NHK Eテレ「にっぽんの芸能」より「伝心 玉三郎かぶき女方考~“壇浦兜軍記 阿古屋”~

2020-04-06 | 舞台番外編

*番組公式サイトはこちら 放送は2018年5月28日 歌舞伎の女方としてのみならず、後輩への指導、他分野での活動(最近のシャンソンにはさすがに困惑するが)も含めて、まちがいなく日本の演劇界の頂点に立つ坂東玉三郎が、女方が主演する演目を深く洞察し、解説するもの。

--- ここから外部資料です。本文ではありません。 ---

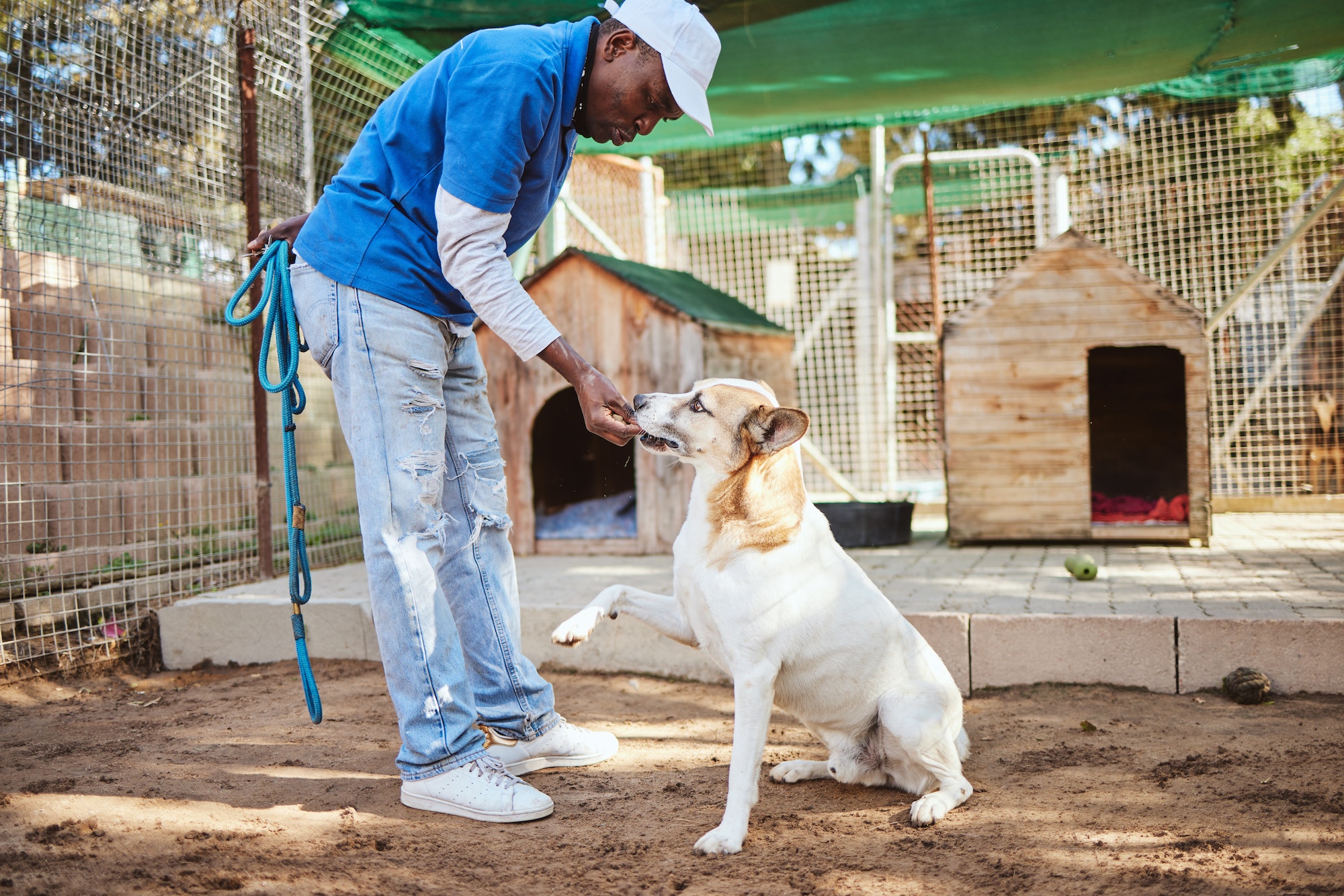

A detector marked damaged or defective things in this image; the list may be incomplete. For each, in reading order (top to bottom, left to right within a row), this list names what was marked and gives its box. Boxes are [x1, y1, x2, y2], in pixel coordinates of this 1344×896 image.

rusty metal pole [238, 21, 274, 586]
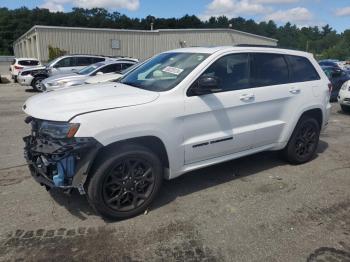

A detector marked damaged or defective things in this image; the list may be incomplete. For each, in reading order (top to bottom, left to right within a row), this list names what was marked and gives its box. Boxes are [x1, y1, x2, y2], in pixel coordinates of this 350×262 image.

crumpled hood [24, 83, 160, 122]
damaged front end [23, 117, 101, 194]
front bumper damage [23, 128, 101, 193]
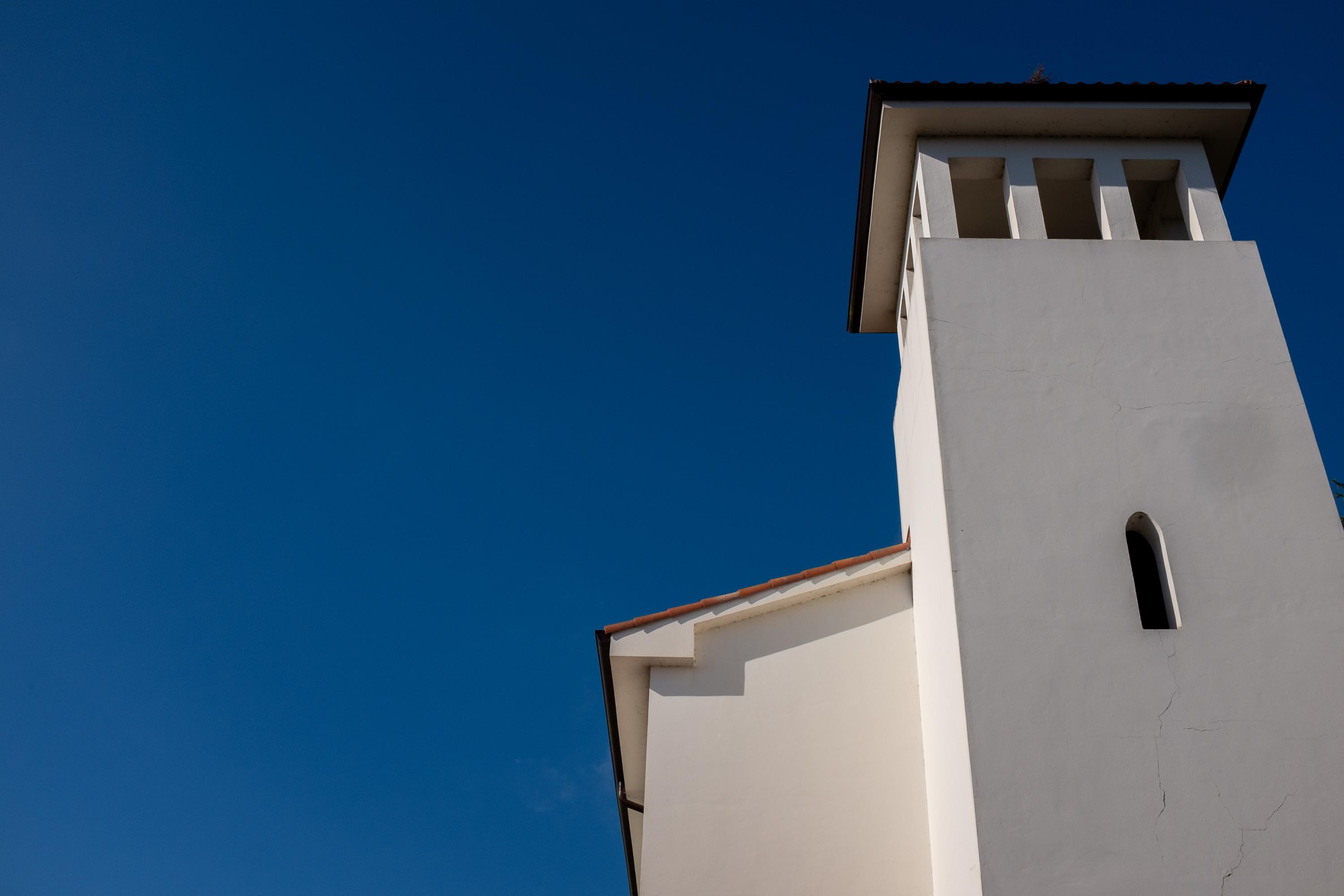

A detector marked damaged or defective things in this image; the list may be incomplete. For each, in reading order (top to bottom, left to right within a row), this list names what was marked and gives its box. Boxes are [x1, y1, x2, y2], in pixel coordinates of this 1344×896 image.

cracked stucco surface [914, 240, 1344, 896]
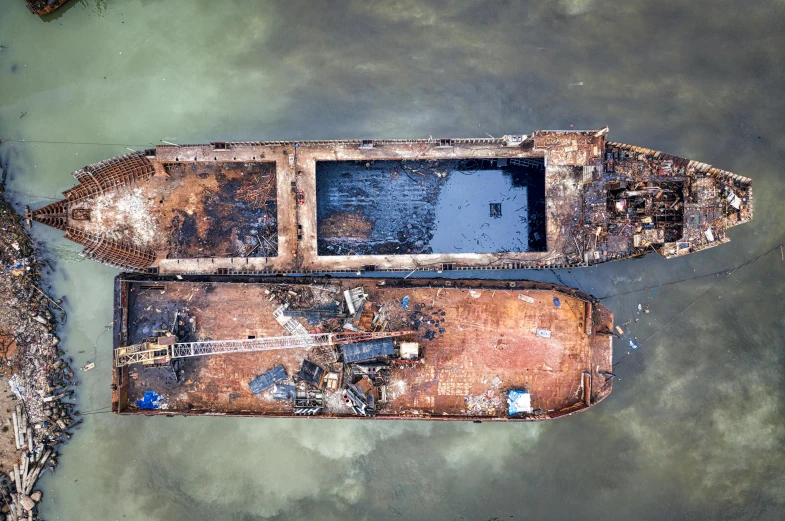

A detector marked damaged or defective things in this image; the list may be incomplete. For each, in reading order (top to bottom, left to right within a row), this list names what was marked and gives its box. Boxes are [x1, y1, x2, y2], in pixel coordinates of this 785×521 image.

rusted deck [32, 128, 752, 272]
rusty cargo ship [32, 128, 752, 274]
rusty cargo ship [112, 276, 612, 418]
rusted deck [112, 276, 612, 418]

 第1回「京鹿子娘道成寺」(未見)につづく第2回は「壇浦兜軍記」の「阿古屋」(文化デジタルライブラリー)を語る。最高級の遊女である傾城の遊君阿古屋を演じることができるのは女方の最高峰の役者であり、六世中村歌右衛門に次いで、玉三郎ただ一人と言われてきた。玉三郎は、本作の三大要素を次のように挙げた。①趣向…演出の工夫。阿古屋の豪華な衣裳、敵役岩永に取り入れられた文楽の手法 ②文学性 ③楽器演奏 である。

 本作からまず思い浮かぶのは③の楽器演奏である。阿古屋は平家の武将景清の子を身籠っている。景清を追う源氏方は阿古屋の詮議のために琴、三味線、胡弓を責め道具として用意し、演奏の乱れのあるなしによって彼女の心の内を知ろうとする。演じる女方は、実際に舞台の上でこの三曲を弾くという大変な課題が与えられるわけで、観客もまずはここが見どころと期待する。

 それを認めた上で、玉三郎は②の文学性を強調するのである。阿古屋登場の文章(義太夫の台詞)を丁寧に読み解く口ぶりには、玉三郎がいかにこの作品を大切にしているかが表れている。難易度の高い作品であるが、好きで好きでたまらぬ。そんな印象である。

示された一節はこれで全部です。